Sadly, there is nothing unique about Professor Dawkins lack of moral courage. Those that question the historical basis for the existence of the State of Israel never question the legality of any other state created in the twentieth century. Communists and Socialists fail to acknowledge Israel’s right to exercise a Law of Return even though they are silent on the other twenty six countries that practice the same law.  They are silent about the racism inherent within the greater Arab colonial project and shy away from referring to the ethnic cleansing that has always been committed in the name of the Islam.
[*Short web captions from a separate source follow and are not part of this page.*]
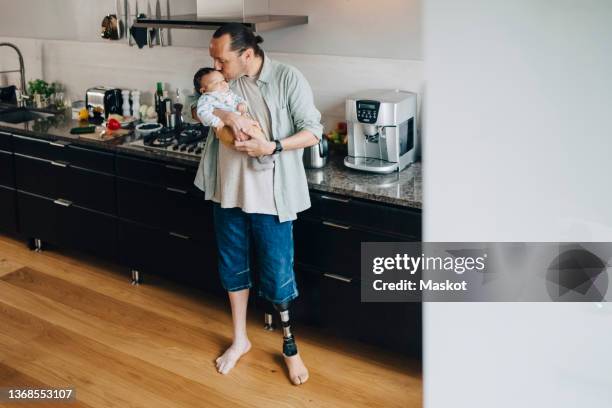 disabled father kissing son while standing in kitchen - disabilitycollection fotografías e imágenes de stock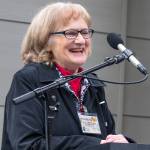 Sequim Gazette photo by Emily Matthiessen/ Annette Hanson helps the community celebrate the opening of the Dungeness River Nature Center Sunday afternoon. The center got its start four decades ago when her late husband started a museum at the old Sequim High School building on North Sequim Avenue for students.
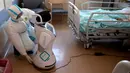 Wakil kepala unit perawatan intensif Flavio Tangian, menyiapkan robot di rumah sakit 'Ospedale di Circolo', di Varese, Italia, 8 April 2020. Sebanyak enam unit robot yang berjalan di atas roda ini membantu kinerja staf medis dalam merawat pasien virus corona Covid-19. (AP/Luca Bruno)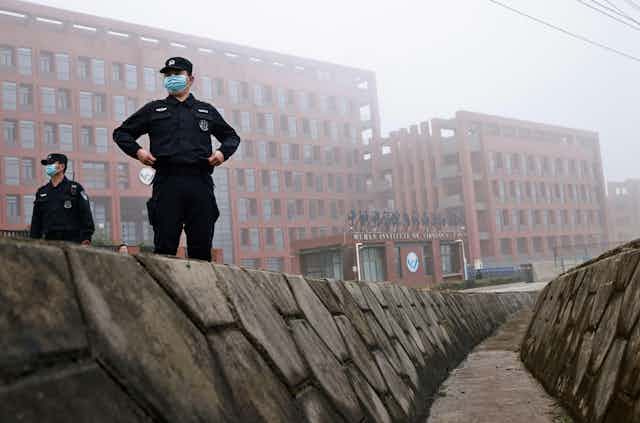  Security personnel keep watch outside Wuhan Institute of Virology during the visit by the World Health Organization (WHO) team tasked with investigating the origins of the coronavirus disease (COVID-19), in Wuhan, Hubei province, China February 3, 2021. REUTERS/Thomas Peter Stock Photo Download preview Save to lightbox Add to cart  Share   Security personnel keep watch outside Wuhan Institute of Virology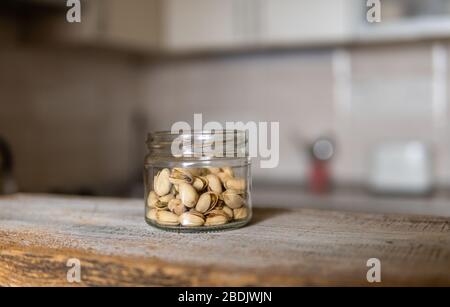Pistacchi in un vaso che si trova su un tavolo bianco vintage con una cucina sullo sfondo. Il pistacchio è un alimento nutriente sano della proteina vegetariana Foto Stock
Israel, it seems, is truly isolated, even without a boycott.  With calls to open up the Western world’s borders to Syrian refugees the one issue of which I am truly concerned, is Arab-Muslim intolerance and disrespect. We have enough of it here already and it existed before the Arab-Muslim migration to the West.

Am I being unfair to Syria’s refugees?  Britain has been remarkably tolerant of racism and religious bigotry when it was the Jews that were targeted.  I cannot trust that my government will look after me.  Radical Muslim cleric Abu Qatada was first arrested in the UK over alleged terror connections in 2001 and he successfully fought deportation from 2005 until 2013. During that time how many minds did this vile creature pollute?
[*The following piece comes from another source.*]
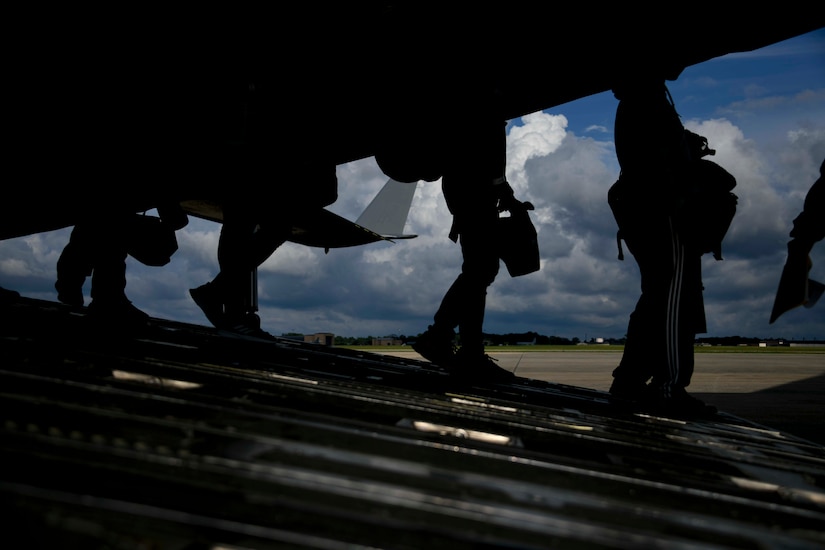 Patients walk off the back of a C-17 Globemaster III at Joint Base Andrews, Md., Aug. 13, 2020. JBA serves as the entry point in the United States for all returning injured or ill government personnel stationed overseas, before they continue on to their final destinations. (U.S. Air Force photo by Airman 1st Class Spencer Slocum)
Britain happily excludes those people who might offend Muslims and in recent times has excluded a Dutch member of parliament and two prominent American critics. But Islam’s hatred of “the other” i.e. anyone not blessed with the same beliefs they share, is theological and therefore not subject to change through reasoned debate or palliative legislation.

Europe has no problem recognizing the threat from the right but has been overwhelmingly silent on the horrors committed by the Left and by the terrors perpetrated in the name of Allah. The Left will often react with violence to any attempt at discussing the crimes committed outside of Western Europe, unless, that is, they are the alleged crimes of Israel or the USA. A sinister aspect of this conspiracy is that in order to demonise it, Israel is considered to be a ‘white’ nation.  This makes it much less complicated for the hypocrite to damn.
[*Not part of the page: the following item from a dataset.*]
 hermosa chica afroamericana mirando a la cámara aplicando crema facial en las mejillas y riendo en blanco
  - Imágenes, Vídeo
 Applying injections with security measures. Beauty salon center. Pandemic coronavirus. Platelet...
Compassion without fidelity to the law of the land, and passion without respect leads to nihilism.  Are we that far off from the experience of France – a country which has not even seriously attempted to crush the malevolent pride of those who celebrate the evil child murderer Mohamed Merah?

Expediency is our enemy. Our borders should be closed for the simple reason that the nation and the continent do not need to import more hate.